[[ Data supplied open ]]

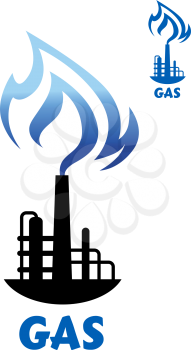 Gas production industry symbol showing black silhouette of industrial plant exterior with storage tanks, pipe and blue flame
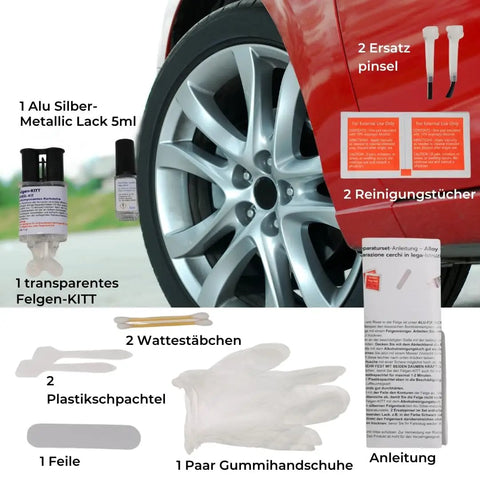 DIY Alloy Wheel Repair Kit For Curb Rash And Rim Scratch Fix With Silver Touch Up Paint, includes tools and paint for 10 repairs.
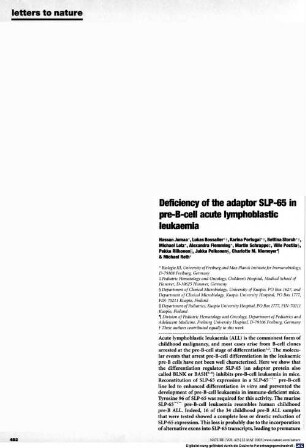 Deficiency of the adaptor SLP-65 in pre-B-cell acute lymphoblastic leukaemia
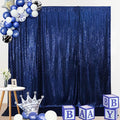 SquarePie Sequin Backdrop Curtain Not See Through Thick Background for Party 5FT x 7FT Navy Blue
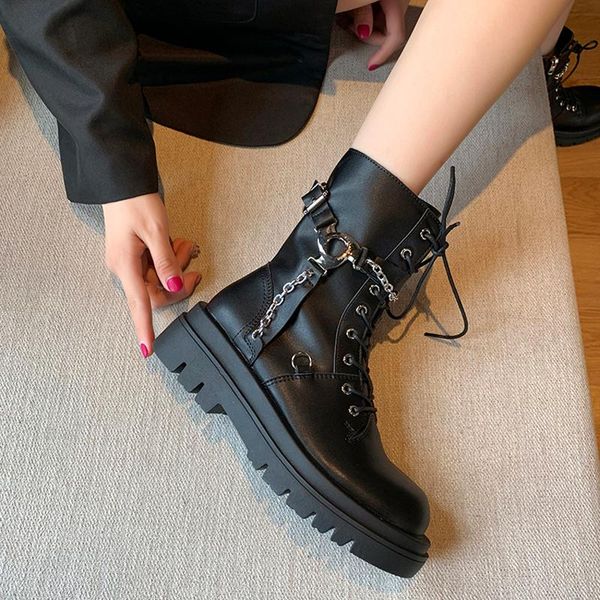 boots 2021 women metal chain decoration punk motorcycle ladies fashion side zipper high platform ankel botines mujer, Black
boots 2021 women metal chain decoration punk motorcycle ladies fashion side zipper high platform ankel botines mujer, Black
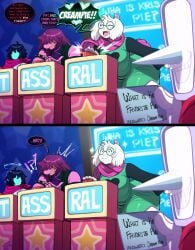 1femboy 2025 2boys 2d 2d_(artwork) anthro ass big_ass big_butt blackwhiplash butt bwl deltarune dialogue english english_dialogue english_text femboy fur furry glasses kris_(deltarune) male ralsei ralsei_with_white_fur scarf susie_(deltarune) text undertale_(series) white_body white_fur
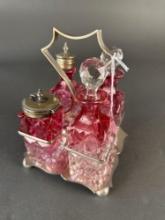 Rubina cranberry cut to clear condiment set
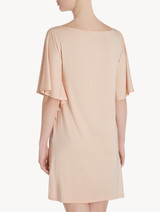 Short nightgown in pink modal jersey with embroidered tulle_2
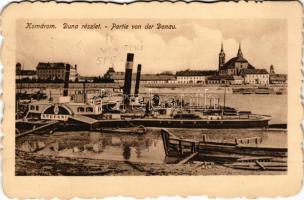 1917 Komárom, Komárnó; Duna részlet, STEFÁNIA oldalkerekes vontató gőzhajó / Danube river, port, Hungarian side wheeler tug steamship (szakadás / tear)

[[ Data supplied closed ]]

- Aim of the task
Print every record above exactly as written, leaving out the pictures.

- Answer box
 Gas production industry symbol showing black silhouette of industrial plant exterior with storage tanks, pipe and blue flame
 DIY Alloy Wheel Repair Kit For Curb Rash And Rim Scratch Fix With Silver Touch Up Paint, includes tools and paint for 10 repairs.
 Deficiency of the adaptor SLP-65 in pre-B-cell acute lymphoblastic leukaemia
 SquarePie Sequin Backdrop Curtain Not See Through Thick Background for Party 5FT x 7FT Navy Blue
 boots 2021 women metal chain decoration punk motorcycle ladies fashion side zipper high platform ankel botines mujer, Black
boots 2021 women metal chain decoration punk motorcycle ladies fashion side zipper high platform ankel botines mujer, Black
 1femboy 2025 2boys 2d 2d_(artwork) anthro ass big_ass big_butt blackwhiplash butt bwl deltarune dialogue english english_dialogue english_text femboy fur furry glasses kris_(deltarune) male ralsei ralsei_with_white_fur scarf susie_(deltarune) text undertale_(series) white_body white_fur
 Rubina cranberry cut to clear condiment set
 Short nightgown in pink modal jersey with embroidered tulle_2
 1917 Komárom, Komárnó; Duna részlet, STEFÁNIA oldalkerekes vontató gőzhajó / Danube river, port, Hungarian side wheeler tug steamship (szakadás / tear)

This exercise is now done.